Une fois de plus, un deuil national est décrété au Burkina, au lendemain de la mort d’au moins 80 militaires et civils dans une attaque terroriste. Des jeunes de la capitale regrettent que ces deuils n’émeuvent plus personne à cause de leur recrudescence, alors que la situation ne change pas.
Assis dans un kiosque à café, Frank Ouédraogo a le nez plongé dans son téléphone. Il lève souvent le visage pour placer un mot dans le débat qu’il anime avec ses camarades. Frank dit être en colère quand hier soir, il a appris encore le lourd bilan à l’issue d’une attaque terroriste. « On est fatigués », soupire le jeune étudiant en vacances.
« Si elles (Ndlr. les autorités) ne changent pas de système, nous allons toujours vivre des deuils. A chaque attaque son deuil. Ça nous dérange, ça devient encombrant », répète-t-il. Nader Kouraogo lui dit comprendre le deuil national. Autant de fois que cela sera nécessaire, il faudra décréter le deuil national, défend-t-il. Pour appuyer son argument, il soutient que c’est en défendant le pays que certains ont été tués.
« C’est normal, ce sont des êtres humains qui sont décédés.
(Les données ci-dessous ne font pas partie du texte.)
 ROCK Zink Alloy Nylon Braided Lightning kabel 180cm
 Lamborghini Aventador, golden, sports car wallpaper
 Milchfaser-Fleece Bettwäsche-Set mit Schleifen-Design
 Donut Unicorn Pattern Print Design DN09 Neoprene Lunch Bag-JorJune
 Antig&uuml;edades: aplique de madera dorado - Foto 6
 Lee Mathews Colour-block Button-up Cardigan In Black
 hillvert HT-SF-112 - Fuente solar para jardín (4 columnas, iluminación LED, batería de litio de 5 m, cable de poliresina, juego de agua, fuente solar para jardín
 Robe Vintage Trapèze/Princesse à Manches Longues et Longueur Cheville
Le deuil est d’abord personnel, et national parce que ce sont des Burkinabè qui sont morts en défendant le pays », poursuit Nader.
Un deuil banalisé
Par contre, chacun a sa façon de vivre son deuil, selon lui. « Je vis le deuil à ma manière comme je peux. Je ne peux vivre le deuil comme un ministre. Quelqu’un qui mange au jour le jour, s’il ne travaille pas aujourd’hui, il ne mangera pas aujourd’hui », note-t-il. Enseignant vacataire en anglais, le jeune Arouna Zongo fait aussi le constat que le deuil devient banal.
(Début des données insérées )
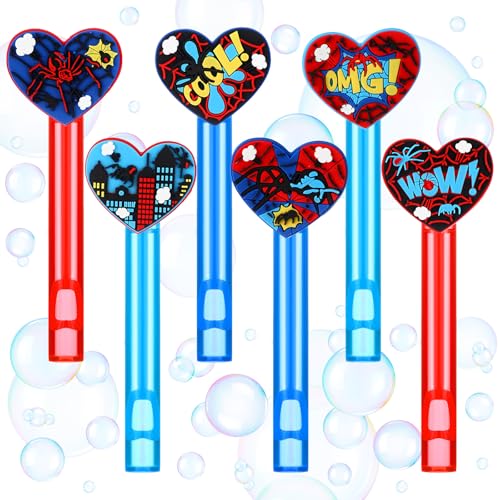 Rotatingpals 24 Pcs Hero Mini Bubble Wands Heart Spider Bubble Wands Assortment Hero Party Favor for Outdoor Summer Gift Goodie Bag Stuffers - Image 1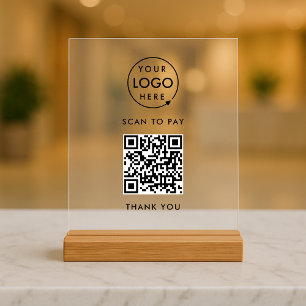 QR Code Payment   Logo Contactless Scan to Pay Acrylic Sign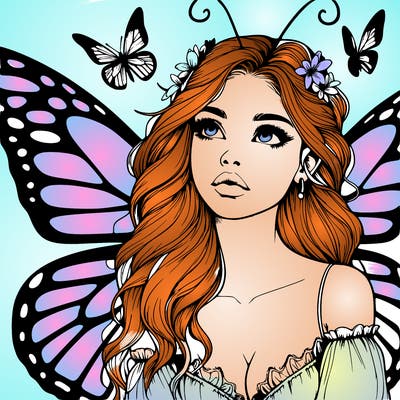 butterfly fairy realistic girl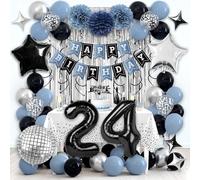 RBYOO Happy 24th Birthday Party Decorations for Boys Girls, Dusty Blue and Black Birthday Decorations with Happy Birthday Banner Number 24 Balloons Pom Poms Foil Balloons Curtain Décor Supplies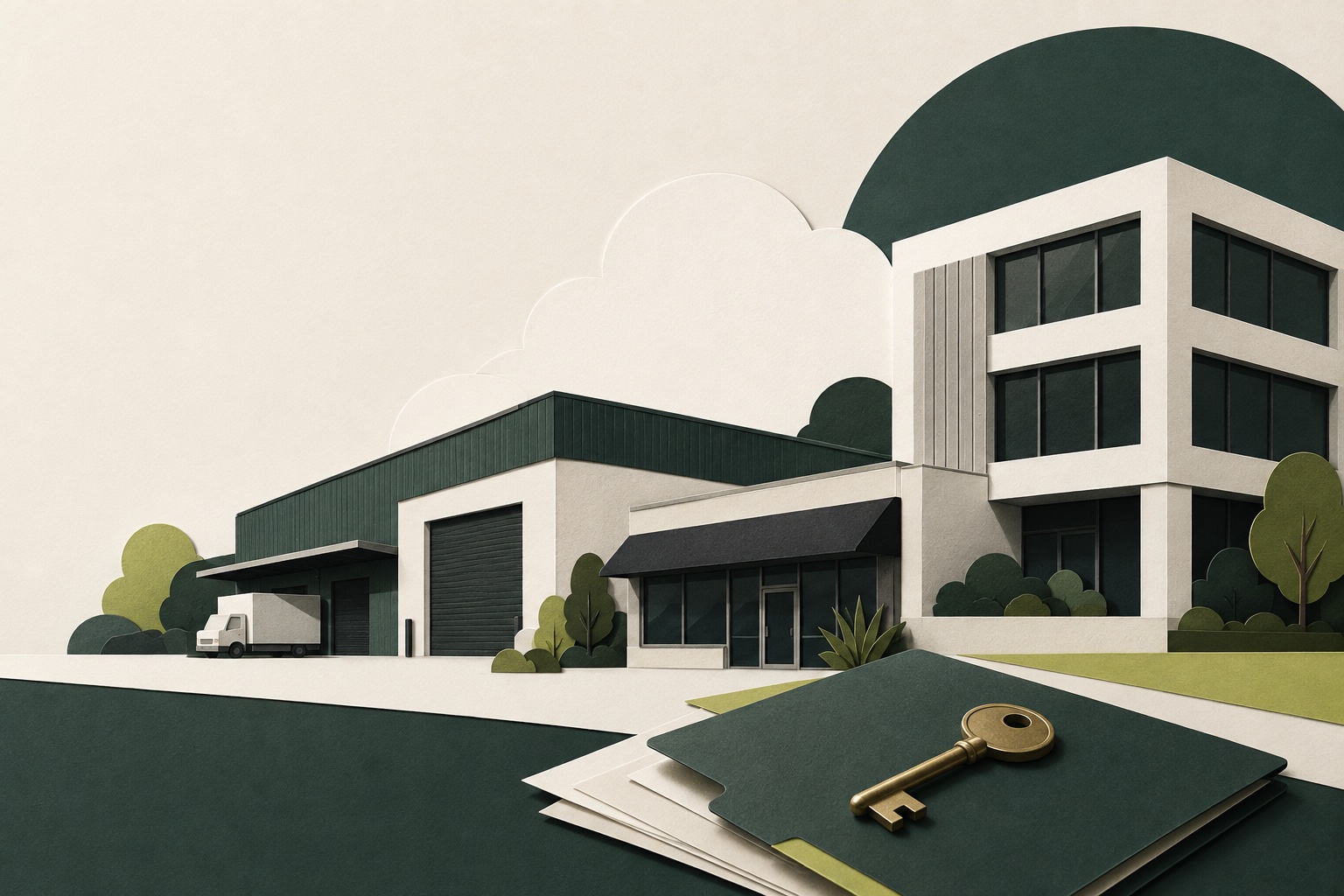 Green-toned conceptual illustration of commercial buildings and business activity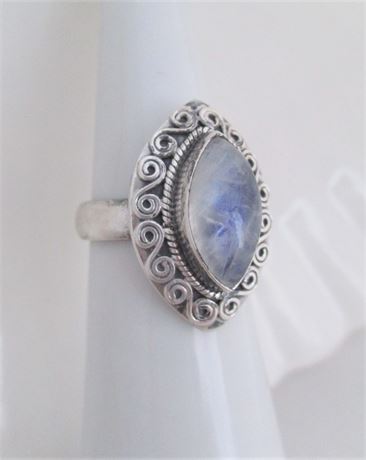 925 Silver AGATE Ring Sz 10.25 ~Made in India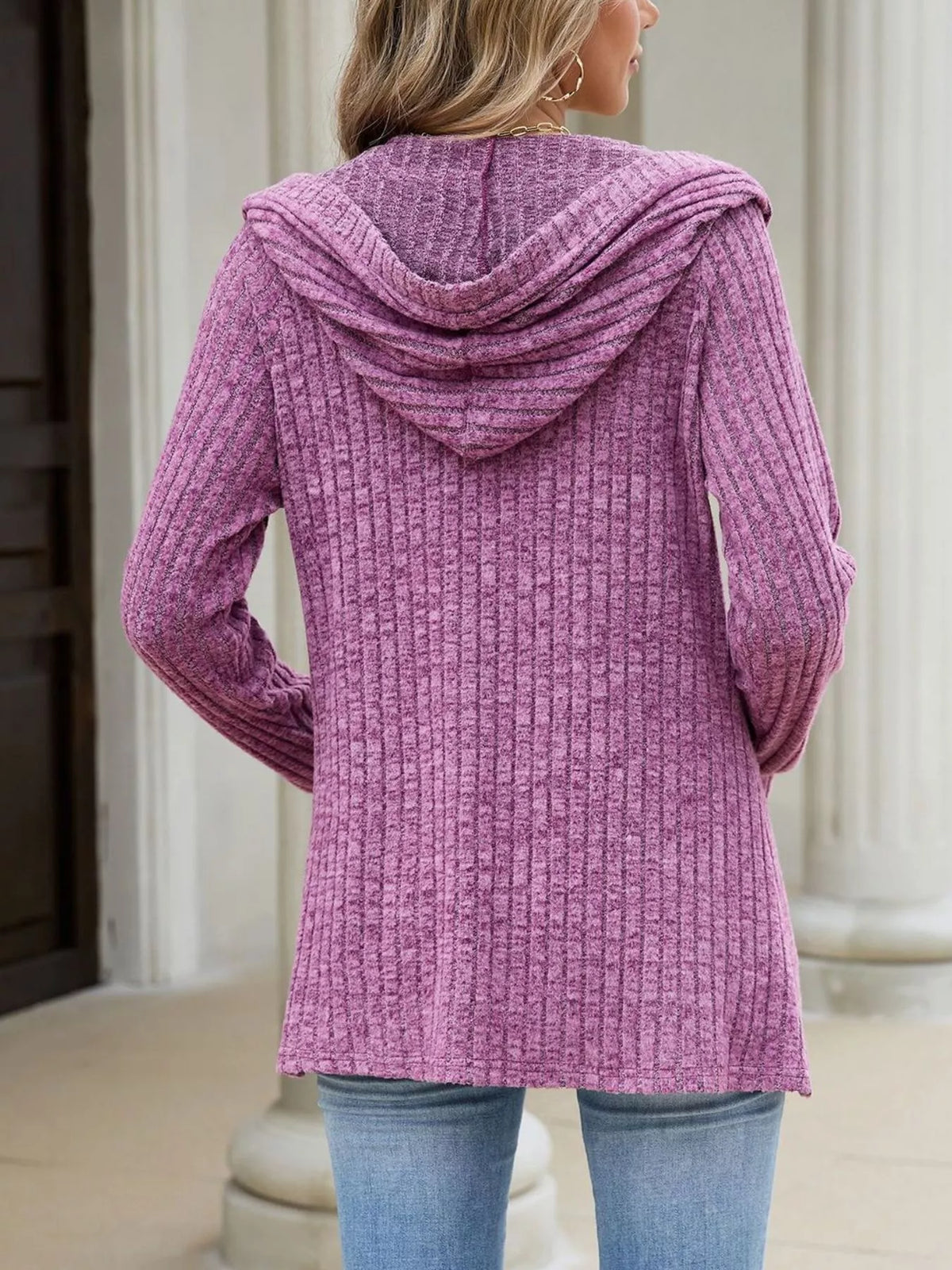 Venke ribbstickad cardigan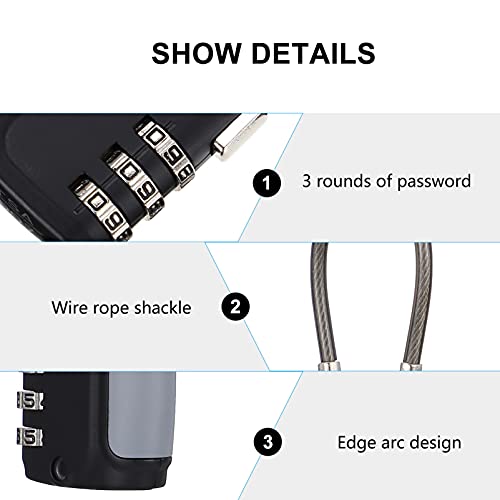 SHERCHPRY 3 Peças Com para Porta Do Corpo de Três Dígitos Armários Pretos Dígitos de Segurança Aprov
« Pour moi quand on parle de deuil national, c’est pour que les populations sachent que quelque chose ne va pas dans le pays ». Pourtant, il dit remarquer que malgré le deuil de 72h, les bars et autres maquis drainent du monde. « Dans les débits de boisson, les fêtes continuent (…) Au lieu de se livrer à toutes les réjouissances, pourquoi ne pas fermer, le temps d’une journée ? Ça va tiquer les gens », suppose le jeune enseignant.
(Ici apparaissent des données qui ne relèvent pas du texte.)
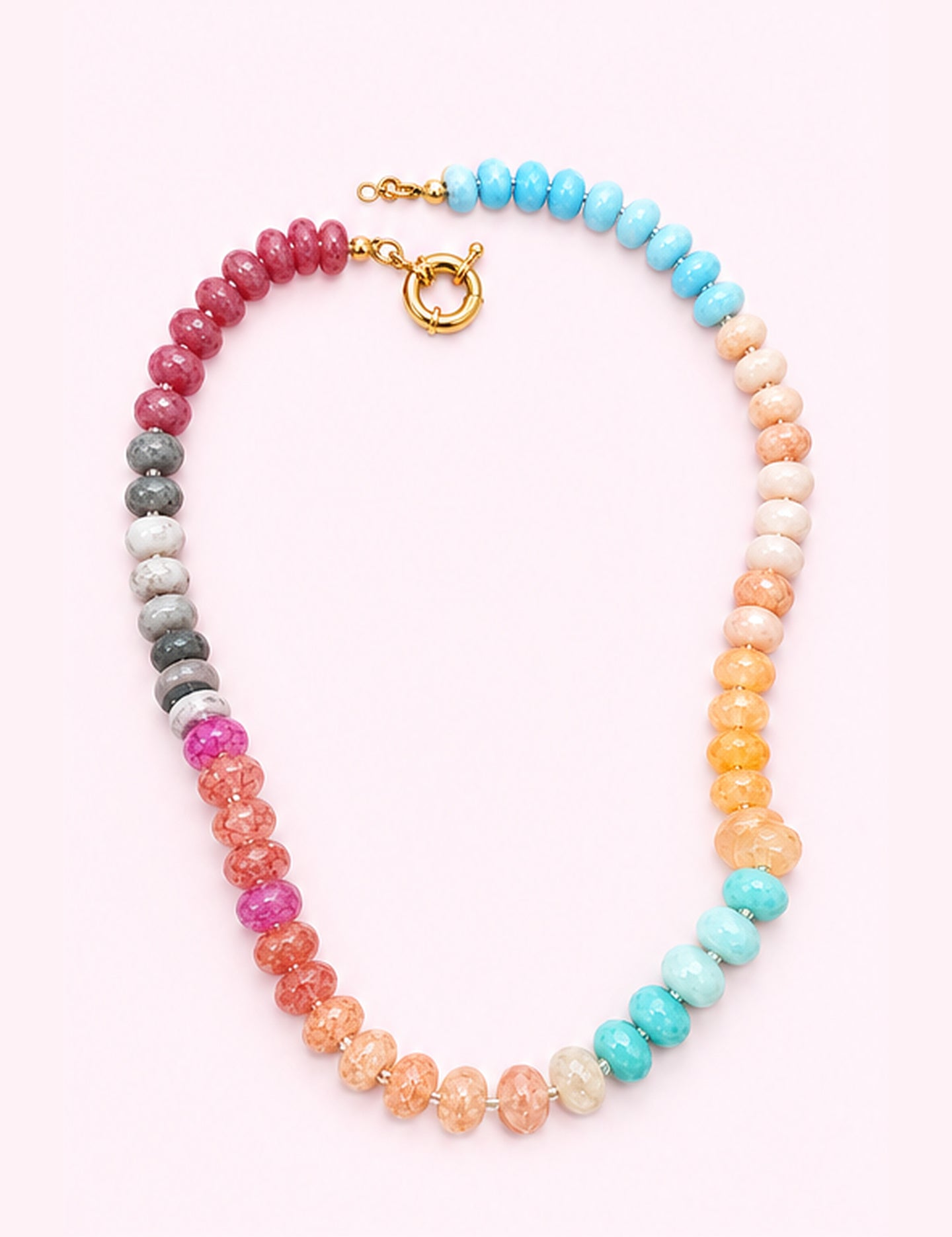 Ninety Nine Boutique super-pale pink accessory product photo: Natural Stone Color Mixed Necklace (October 1, 2026)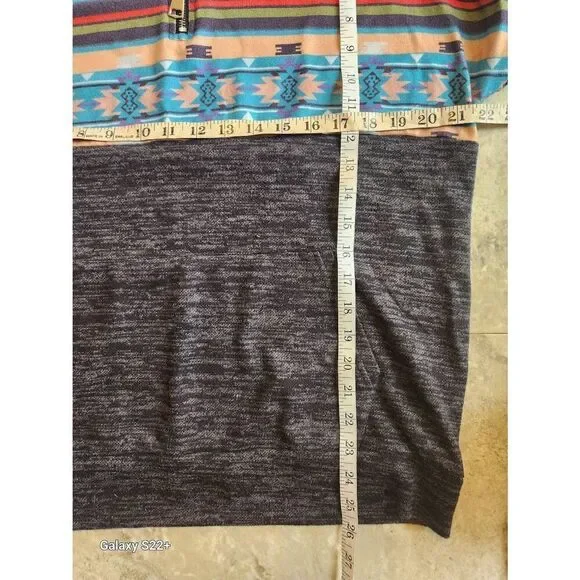 010 Turquois, Pink, Black Southwestern lightweight 1/4 zip sweatshirt - Picture 6 of 6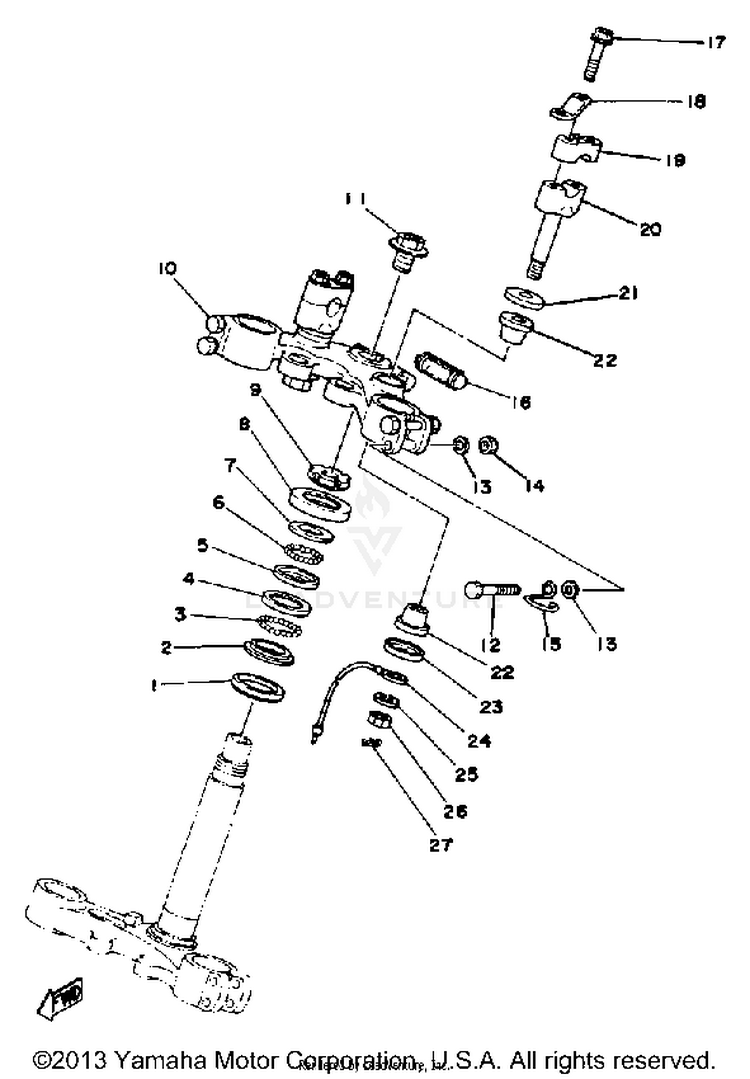 Steering XT500E - 1978 Schematic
Pour Nader, la plupart des Burkinabè ne respectent pas le deuil à cause de l’ignorance. Arouna partage son point de vue. Il propose ainsi à l’autorité de faire en sorte « qu’à Ouagadougou et un peu partout, les Burkinabè sachent réellement qu’il y a deuil national ».
Solidarité dans la douleur
C’est surtout sur les réseaux sociaux que Arouna dit exprimer son deuil. « Généralement c’est à travers les réseaux sociaux qu’on envoie des messages d’encouragement aux militaires qui sont sur le terrain. Nous leur disons de résister face à la l’adversité. A travers les statuts sur WhatsApp, on essaie de les galvaniser, même si on ne peut pas prendre les armes et les aider », poursuit le professeur d’anglais.
Par-dessus tout, il estime qu’il faut éviter que cela n’entre dans les habitudes des burkinabè. « C’est devenu comme quelque chose de normal. Quand on fait une ou deux semaines sans attaque au Burkina, c’est cela qui était devenu anormal », constate-t-il.
Une patrouille mixte de l’armée a été la cible d’une attaque terroriste sur l’axe Arbinda-Gorgadji, le 18 août 2021. Le bilan fait état de 80 morts dont 65 civils, 15 soldats (gendarmes) et 3 volontaires pour la défense de la patrie. Le gouvernement a aussi informé que 58 terroristes ont été abattus. Le président du Faso a décrété un deuil national de 72h à compter du jeudi 19 août à 00h00.